[Scraped caption text data]
###
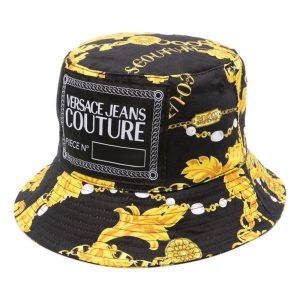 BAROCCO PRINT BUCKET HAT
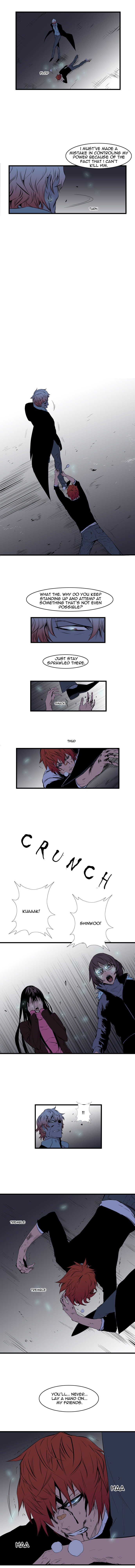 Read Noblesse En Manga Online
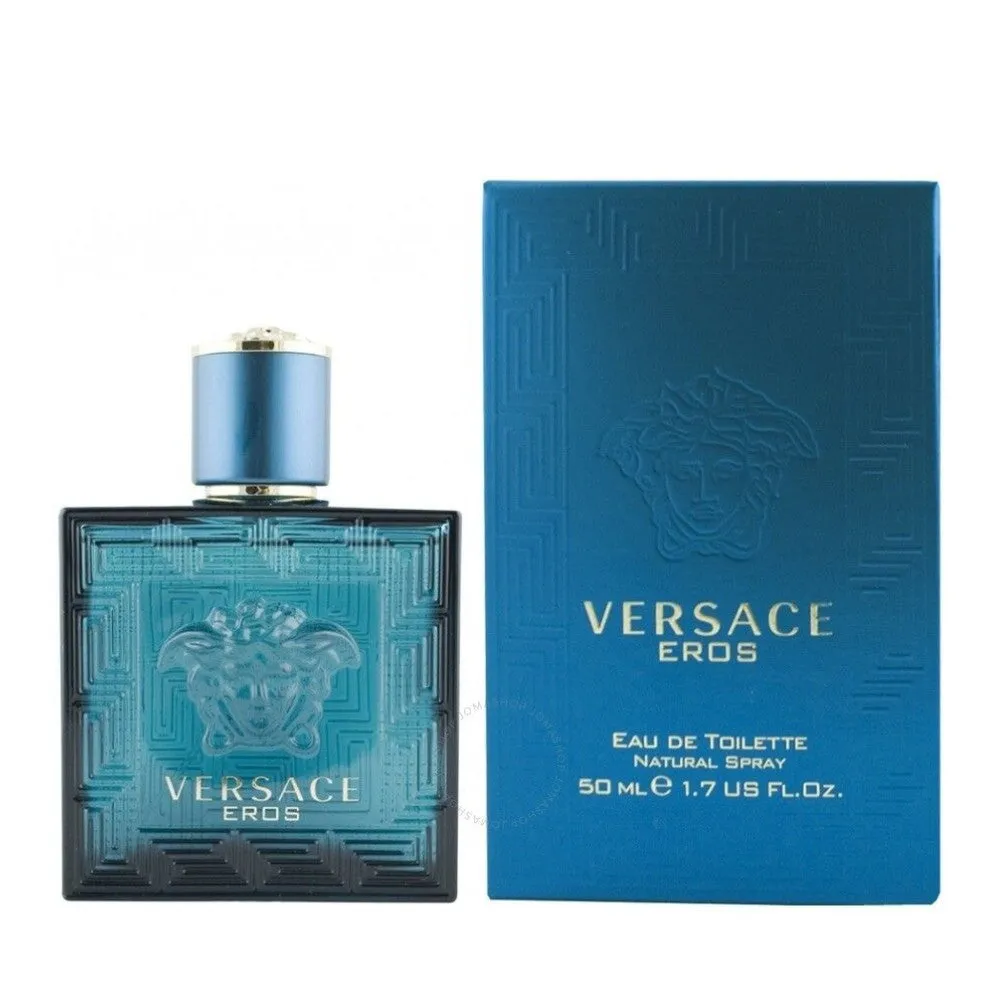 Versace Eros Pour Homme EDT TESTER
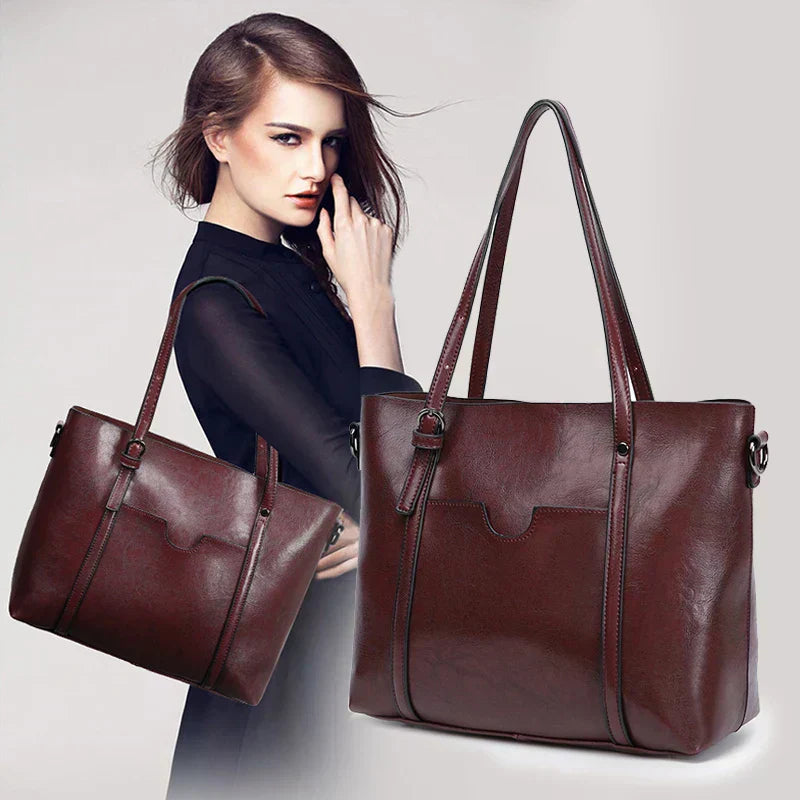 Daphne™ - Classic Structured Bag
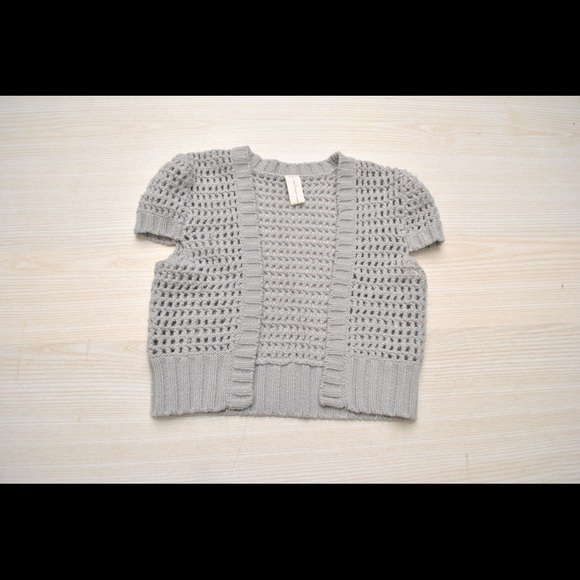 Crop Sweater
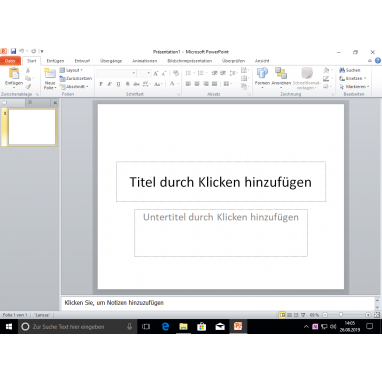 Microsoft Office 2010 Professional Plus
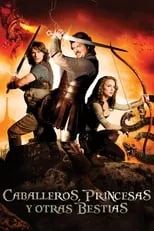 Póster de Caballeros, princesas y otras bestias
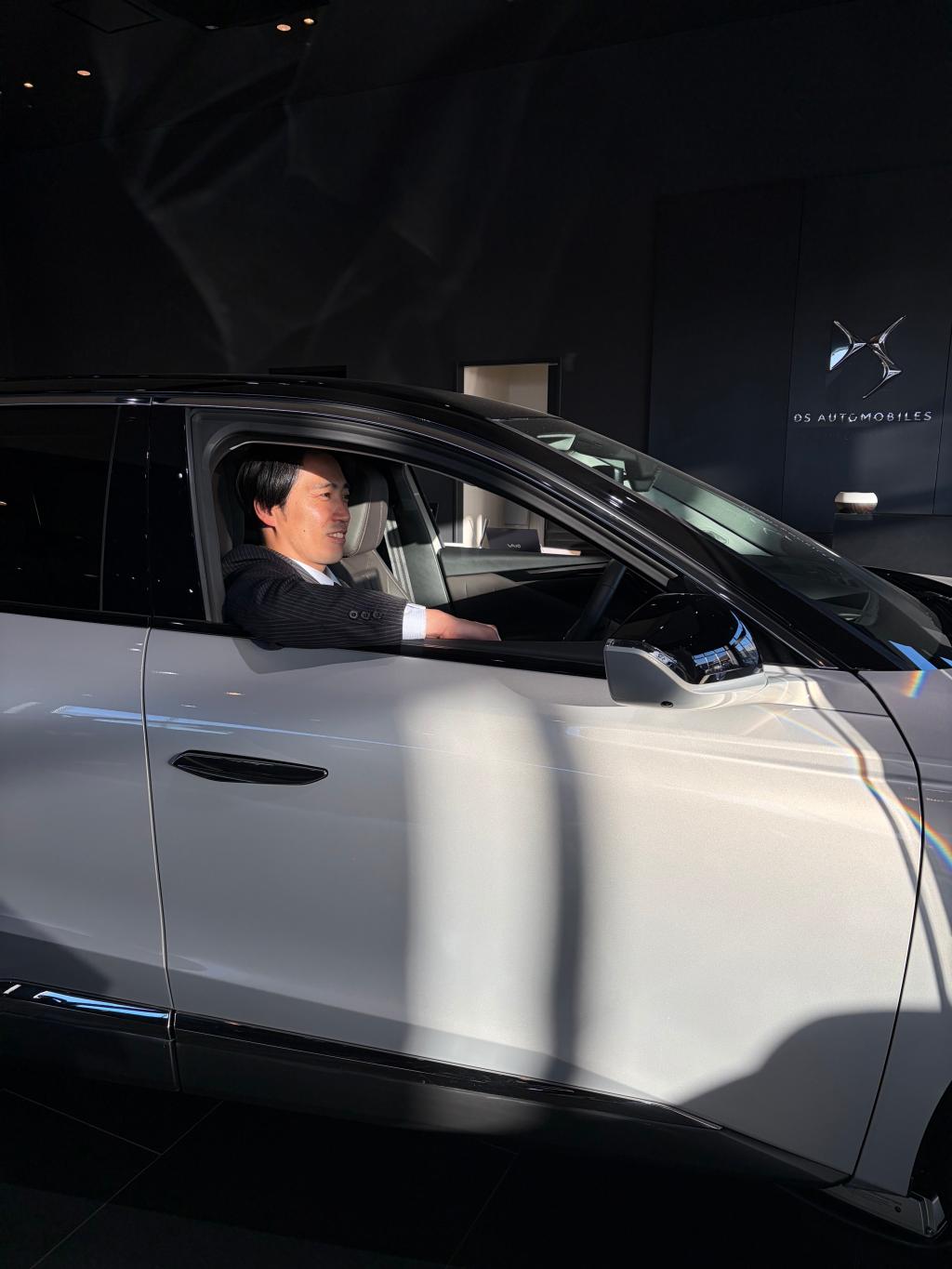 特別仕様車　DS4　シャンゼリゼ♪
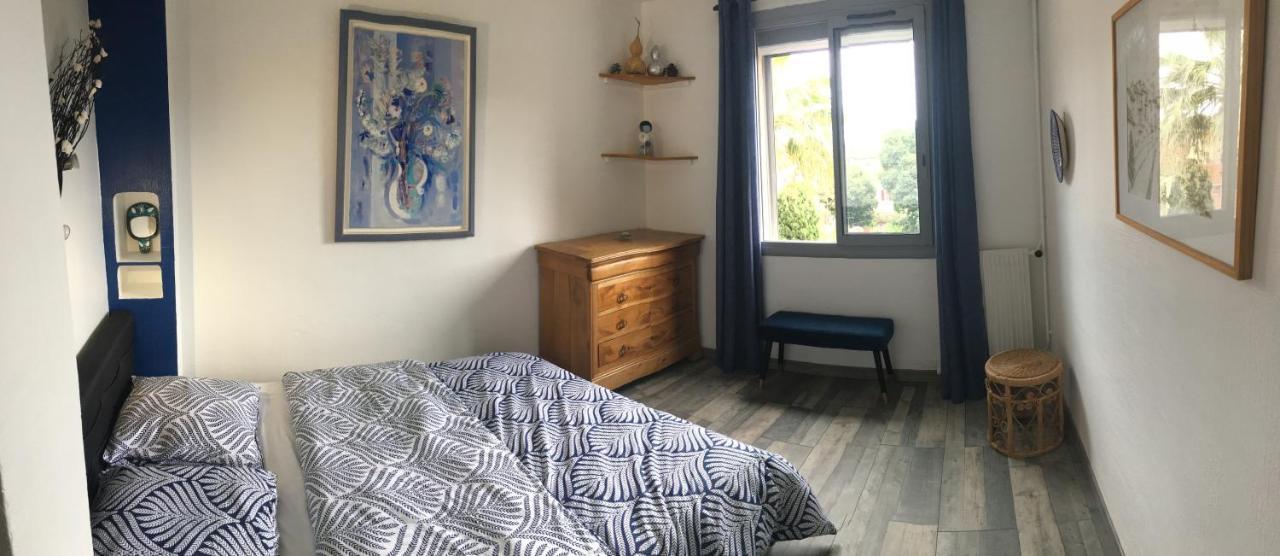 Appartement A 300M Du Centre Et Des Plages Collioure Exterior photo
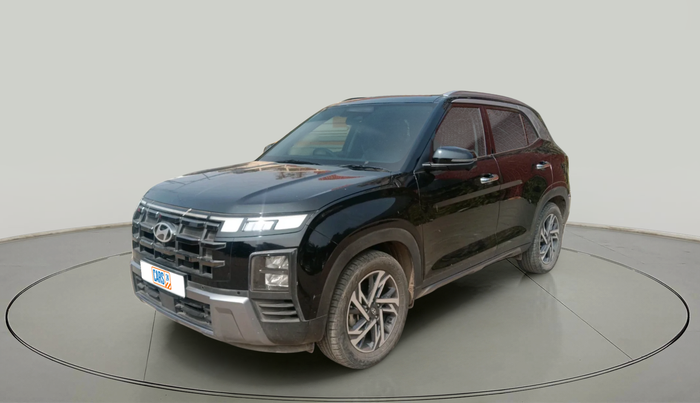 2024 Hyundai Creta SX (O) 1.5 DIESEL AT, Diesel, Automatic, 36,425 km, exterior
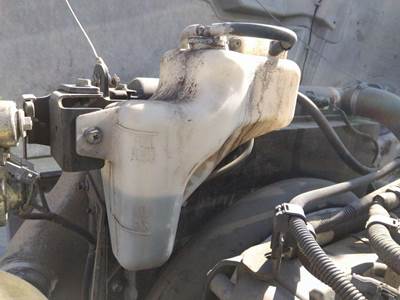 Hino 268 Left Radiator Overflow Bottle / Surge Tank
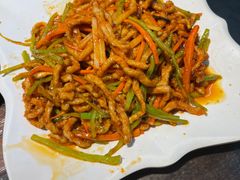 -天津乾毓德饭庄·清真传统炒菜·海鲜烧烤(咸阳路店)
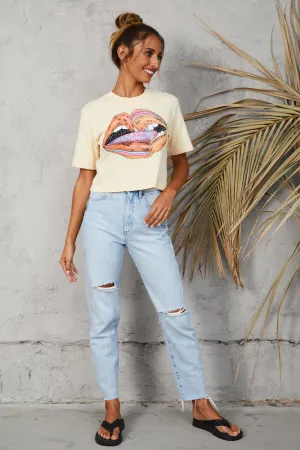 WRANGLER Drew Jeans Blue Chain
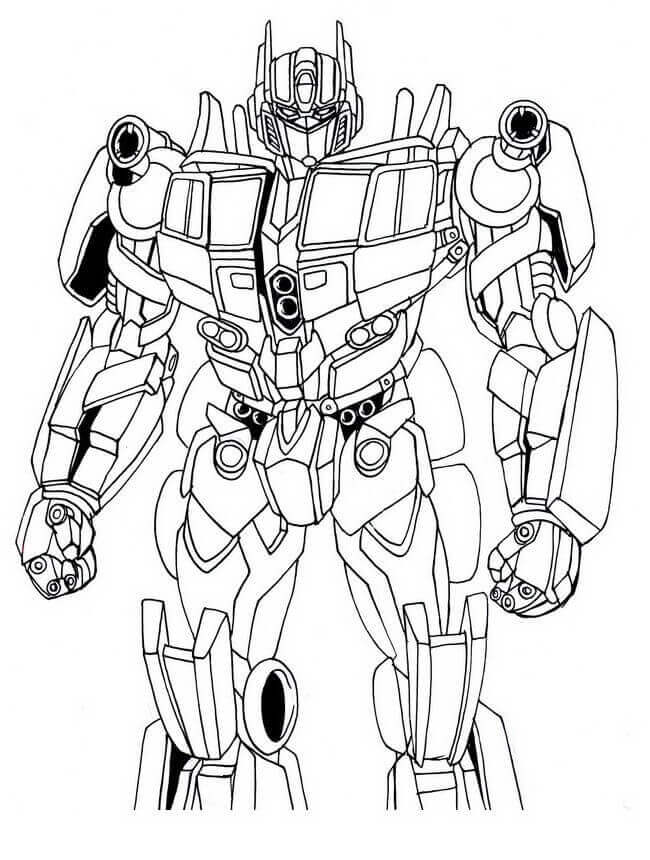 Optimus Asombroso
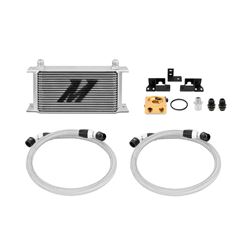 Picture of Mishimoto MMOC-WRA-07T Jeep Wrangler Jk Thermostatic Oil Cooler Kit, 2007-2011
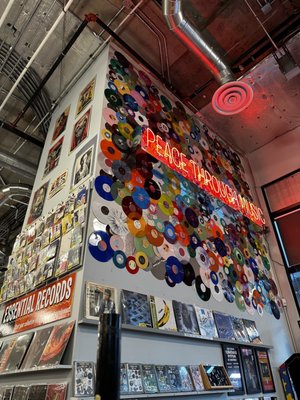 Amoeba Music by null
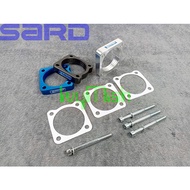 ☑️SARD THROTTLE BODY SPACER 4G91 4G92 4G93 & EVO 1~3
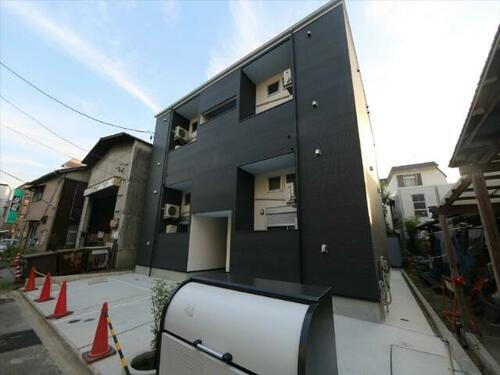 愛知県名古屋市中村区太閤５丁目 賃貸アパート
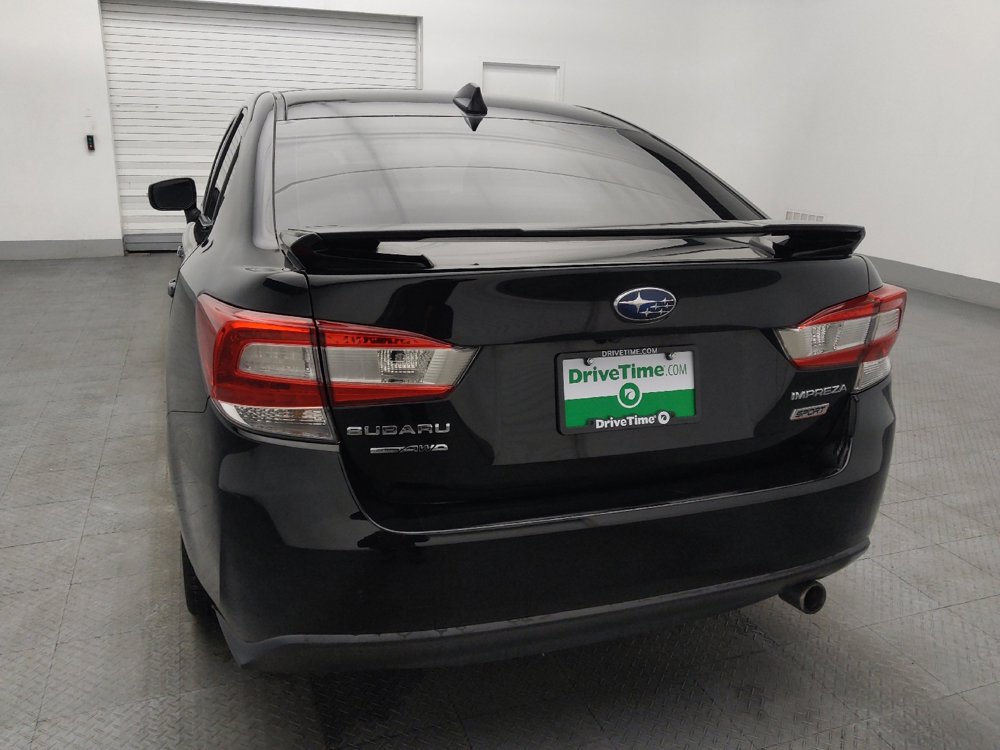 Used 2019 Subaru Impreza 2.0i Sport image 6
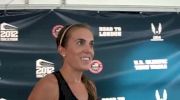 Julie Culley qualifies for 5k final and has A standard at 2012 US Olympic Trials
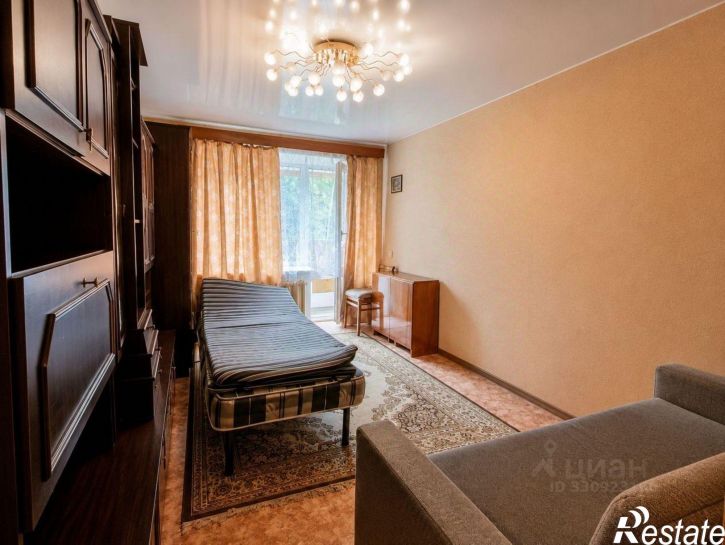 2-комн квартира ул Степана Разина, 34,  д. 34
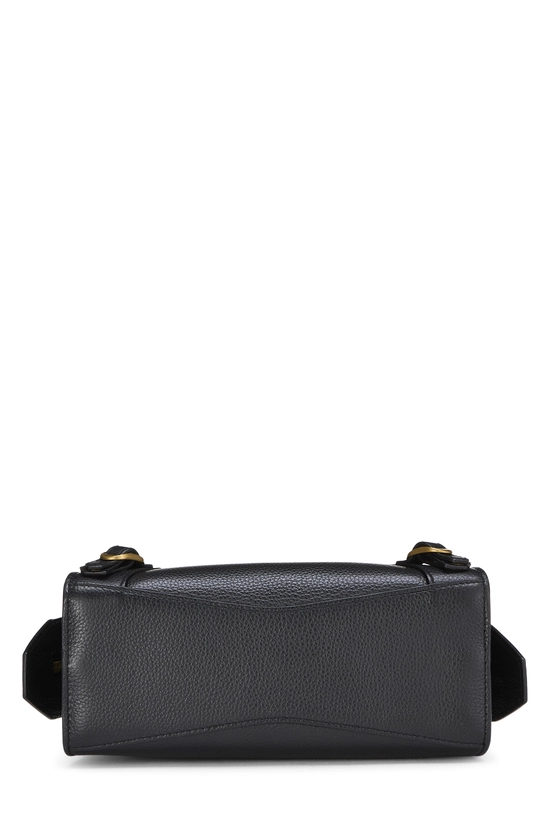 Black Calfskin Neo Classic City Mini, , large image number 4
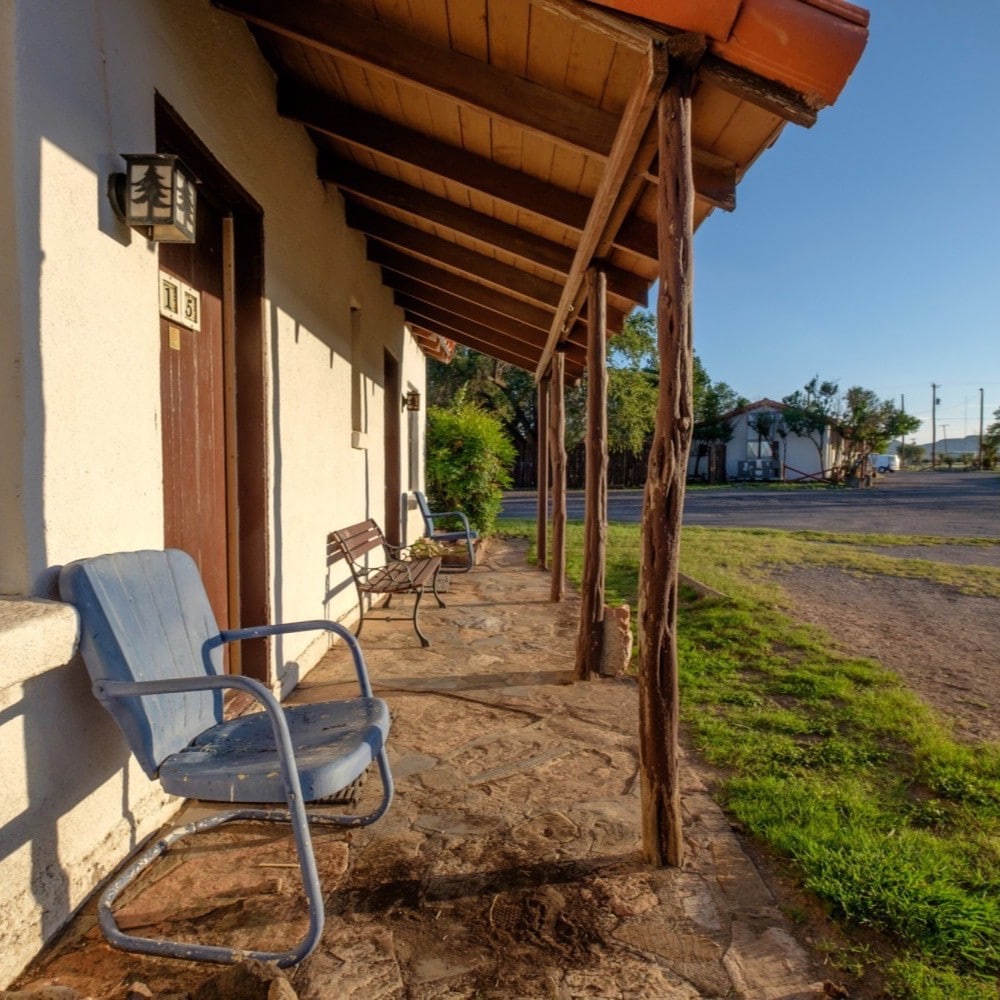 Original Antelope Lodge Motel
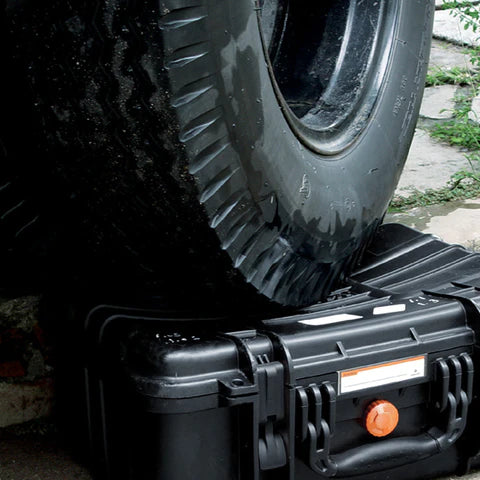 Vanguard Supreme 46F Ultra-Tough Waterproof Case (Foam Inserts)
###
Task prompt> All that is needed is the data above, repeated exactly, without the pictures.

Expected output>
 BAROCCO PRINT BUCKET HAT
 Read Noblesse En Manga Online
 Versace Eros Pour Homme EDT TESTER
 Daphne™ - Classic Structured Bag
 Crop Sweater
 Microsoft Office 2010 Professional Plus
 Póster de Caballeros, princesas y otras bestias
 特別仕様車　DS4　シャンゼリゼ♪
 Appartement A 300M Du Centre Et Des Plages Collioure Exterior photo
 2024 Hyundai Creta SX (O) 1.5 DIESEL AT, Diesel, Automatic, 36,425 km, exterior
 Hino 268 Left Radiator Overflow Bottle / Surge Tank
 -天津乾毓德饭庄·清真传统炒菜·海鲜烧烤(咸阳路店)
 WRANGLER Drew Jeans Blue Chain
 Optimus Asombroso
 Picture of Mishimoto MMOC-WRA-07T Jeep Wrangler Jk Thermostatic Oil Cooler Kit, 2007-2011
 Amoeba Music by null
 ☑️SARD THROTTLE BODY SPACER 4G91 4G92 4G93 & EVO 1~3
 愛知県名古屋市中村区太閤５丁目 賃貸アパート
 Used 2019 Subaru Impreza 2.0i Sport image 6
 Julie Culley qualifies for 5k final and has A standard at 2012 US Olympic Trials
 2-комн квартира ул Степана Разина, 34,  д. 34
 Black Calfskin Neo Classic City Mini, , large image number 4
 Original Antelope Lodge Motel
 Vanguard Supreme 46F Ultra-Tough Waterproof Case (Foam Inserts)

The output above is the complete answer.